◆ **Exercise aim**: Leave the pictures out and restate every line below exactly.

◆ **Raw data**:
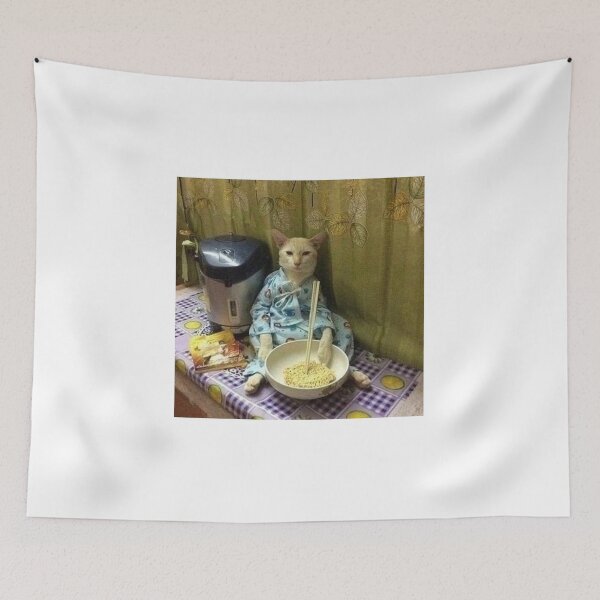 Item preview, Sad Cat Eating Ramen designed and sold by oestra.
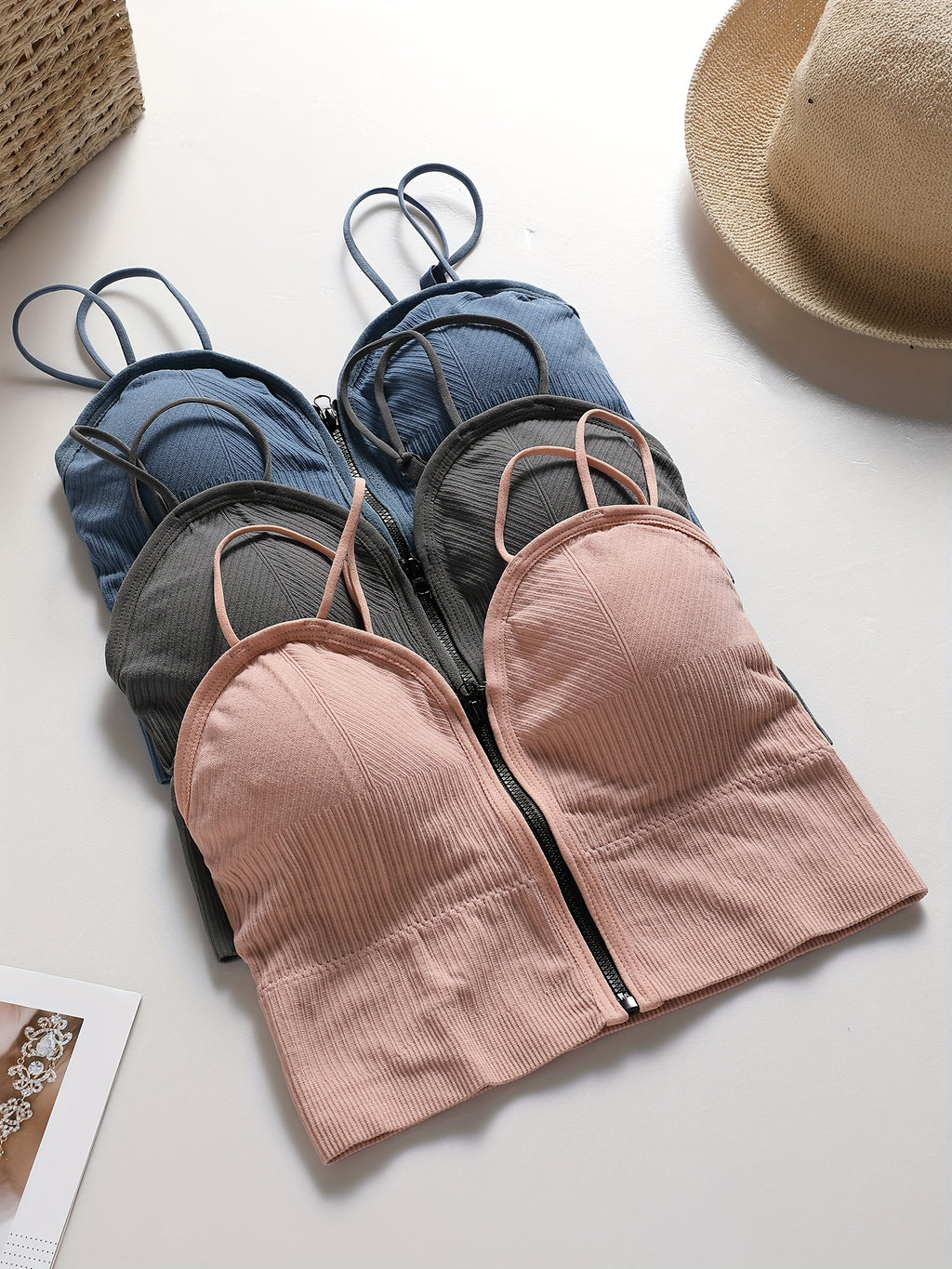 {3pcs} Basic Front-Zip Round Cup Casual Cami Tank Tops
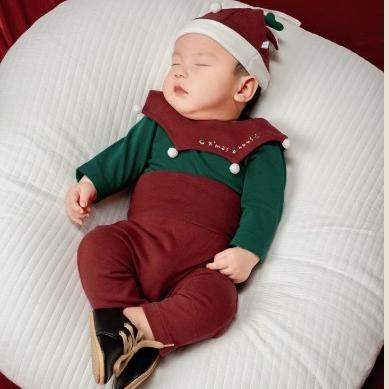 NOUS XMAS - Bộ dài áo màu xanh phối quần đỏ -  0M 3M 6M 1Y 2Y 3Y 4Y 5Y - Set đồ Noel Nous 2023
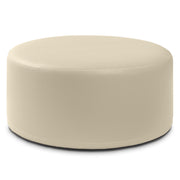 Jaxx Candler Round Couch Ottoman – Oversized Giant Coffee Table Ottoman - Versatile Firm Foam Construction - Kid Safe with Removable Cover, 36”, Premium Faux Leather, Natural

◆ **Response to this task**:
 Item preview, Sad Cat Eating Ramen designed and sold by oestra.
 {3pcs} Basic Front-Zip Round Cup Casual Cami Tank Tops
 NOUS XMAS - Bộ dài áo màu xanh phối quần đỏ -  0M 3M 6M 1Y 2Y 3Y 4Y 5Y - Set đồ Noel Nous 2023
 Jaxx Candler Round Couch Ottoman – Oversized Giant Coffee Table Ottoman - Versatile Firm Foam Construction - Kid Safe with Removable Cover, 36”, Premium Faux Leather, Natural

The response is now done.